So being out here without Bucky felt…strange.

Steve had become complacent.

Bucky had bad days, and no dog of immeasurable cuteness would cure that. It had just been so _long_. Bucky’s migraines were lessening and his anti-anxiety meds had definitely paved the way to fewer episodes and more freedom. Steve chewed his lip, waiting while Blueberry inspected a neighbour’s ceramic frog collection. The woman at 514 sure did love collecting inanimate amphibians. Her grass was littered in green ones, blue ones, glittery ones. Steve had read somewhere that it was human nature to collect shit. Bucky had opinions on ‘ugly shit’, though.

Steve shouldn’t have assumed Bucky was better. He had probably missed the signs. The night before, they’d had sex and sure, they hadn’t done anything out of the ordinary, but Steve could usually tell if Bucky was setting up for a bad night’s sleep. Had he overlooked something in his own stupid sex-haze? Steve knew he himself behaved like a love-drunk romantic teenager after sex, all clingy and sappy and slow. How could he be sure Bucky hadn’t already been on the precipice of a bad day/night?

Steve loped on behind Blueberry, whose butt wagged from side-to-side in lieu of a long tail.

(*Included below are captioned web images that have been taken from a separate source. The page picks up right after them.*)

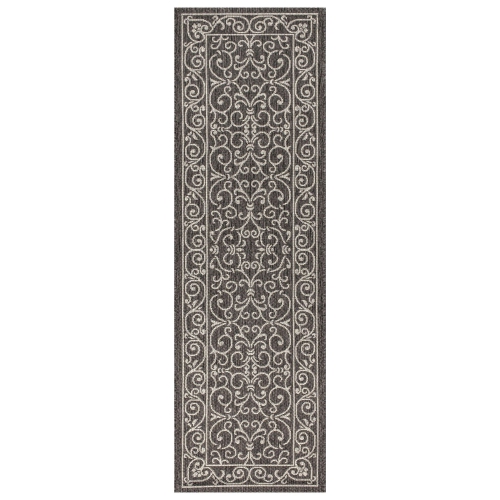 JONATHAN Y  Charleston Vintage Filigree Textured Weave Indoor/outdoor Runner Rug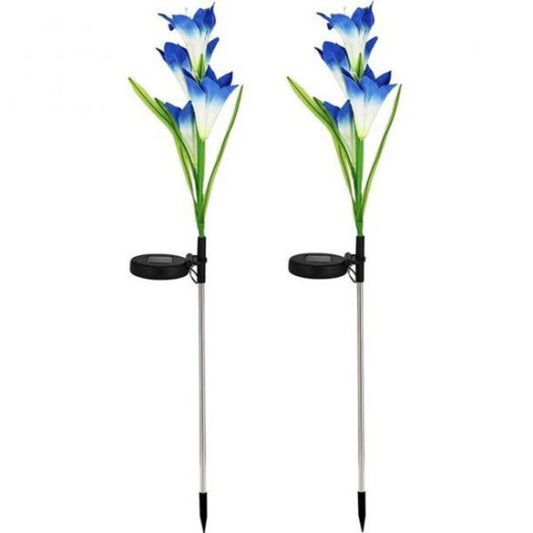 2Pcs Solar Garden Lily Flower Light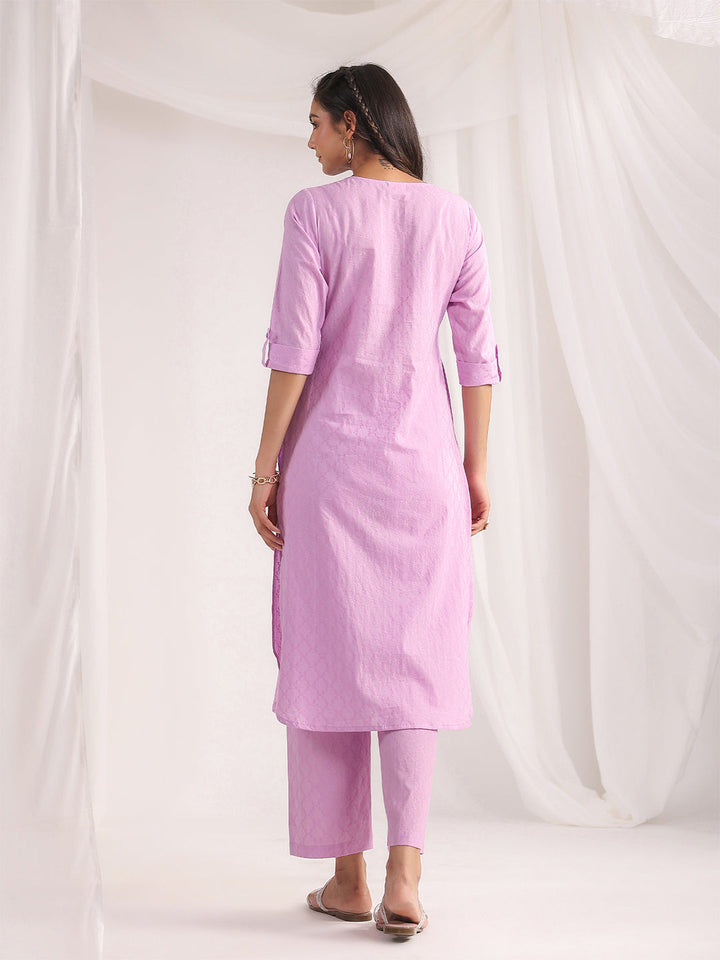 Lavender-Jacquard-Straight-Co-Ord-set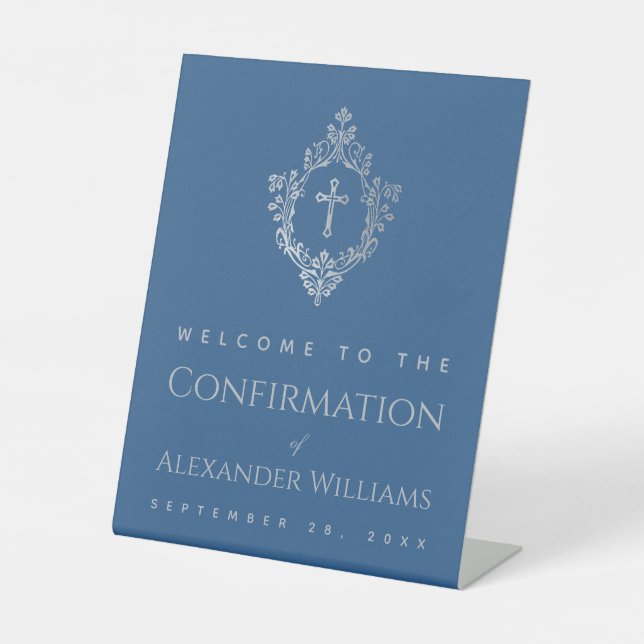 Confirmation Classic Blue Ornate Crest Boy Welcome Pedestal Sign (Front)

Steve wasn’t sure if she was _meant_ to have a nub for a tail, or if it was due in part to the ‘accident’ they’d found her in that fateful night.

Bucky had alerted him to the concept of tail _docking_ and, well, Steve had been forced to wrestle the laptop away from Bucky, lest he crush _another one._

Steve sighed.

“Girl, why’s Daddy having a bad day?”

Blueberry’s ears twisted his way, but she didn’t pause in her butt-waggle walk. She was on a mission.

Bucky was having a bad day because Bucky had been tortured with traumatic electro-shock therapy and brainwashing for most of his life, and under all the pain and suffering still, sometimes, thought he _deserved_ it. The whole Winter Soldier persona was something deeper than any average counselor could handle.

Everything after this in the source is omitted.